D’autres modèles existent qui cherchent à construire des financements du RBI qui seraient certes plus complexes, mais qui seraient aussi plus facilement réalisables dans le cadre des processus parlementaires actuels. Ces modèles de financement ne sont pas analysés dans cette série d’articles, sans préjuger de leurs qualités intrinsèques.
Des modèles de RBI ont été élaborés sur la base d’une réforme des mécanismes de création de la monnaie. Ces modèles ne sont pas non plus analysés dans cette série d’articles, également sans préjuger de leurs qualités intrinsèques.

Il est parfois proposé d’utiliser les recettes issues des taxes incitatives pour financer le RBI. Certaines d’entre elles comme la taxe sur le CO2 sont déjà partiellement redistribuées à la population par l’intermédiaire des caisses maladie, soit 62,40 CHF par personne en 2016. Hormis son montant extrêmement réduit, cette redistribution peut déjà être considérée comme un revenu inconditionnel. Il ne lui manque que d’être augmenté à un montant suffisant pour pouvoir être qualifié de Revenu de Base Inconditionnel.

Le montant total des revenus de la taxe sur le CO2 est supérieur à 800 millions CHF [1]. Deux tiers de cette somme sont redistribués à la population et aux entreprises. En 2015, 236 millions CHF ont été versés aux entreprises. On peut donc évaluer la part pour la population à 800 000 000 * 0,67 – 236 000 000 = ~300 millions CHF.

Pour financer entièrement le RBI avec la taxe sur le CO2, il faudrait multiplier la part redistribuée par plus de 650 ! C’est totalement irréaliste. On pourrait envisager de mettre également à contribution les taxes sur l’alcool et le tabac. Mais même en augmentant considérablement les taux de ces taxes, il serait difficile de collecter des recettes suffisantes.

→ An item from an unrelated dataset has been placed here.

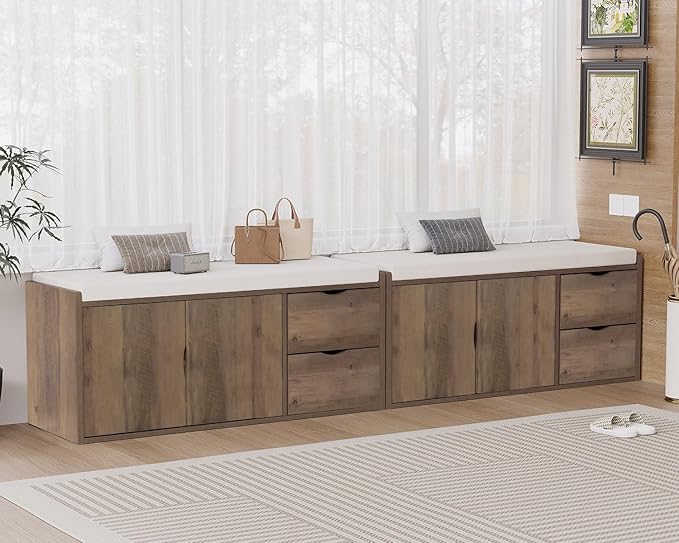 LVB Entryway Bench with Storage, 40” Storage Bench with Padded Cushioned Seat, Farmhouse Shoe Bench with 2 Drawers Cabinet Shelf, Industrial Wood Shoe Rack Bench for Living Bedroom,Rustic Oak, 40in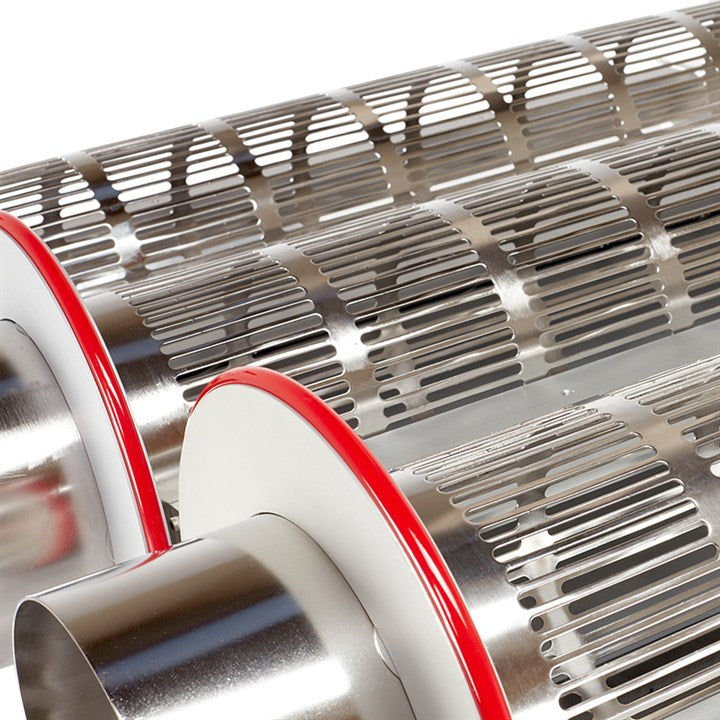 Metal grill surface and curved housing with red-trimmed intake on trimmer machine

De plus, à des montants aussi élevés, le caractère incitatif de ces taxes développerait tout son potentiel (potentiellement en favorisant le marché noir) et détruirait immédiatement le commerce de ces marchandises, ce qui aurait pour conséquence de réduire à zéro le produit de ces taxes. Du point de vue de la santé publique, ce serait extrêmement positif, mais le financement du RBI ne serait pas assuré.

AVANTAGES:
+ Un revenu inconditionnel existe déjà par la redistribution de la taxe sur le CO2.

DÉSAVANTAGES:
– Montant des taxes exorbitant, tuant immédiatement le marché et réduisant à néant le produit de ces taxes.

En conclusion, il n’est pas réaliste de vouloir financer entièrement le RBI par les taxes incitatives. Même en complément d’autres éléments de financement du RBI, les recettes de ces taxes ne pourraient contribuer qu’anecdotiquement à ce financement. La redistribution actuelle n’est que de la poudre aux yeux. Il vaut mieux consacrer les recettes des taxes incitatives à leur objectif premier, soit aider à la reconversion des secteurs économiques concernés.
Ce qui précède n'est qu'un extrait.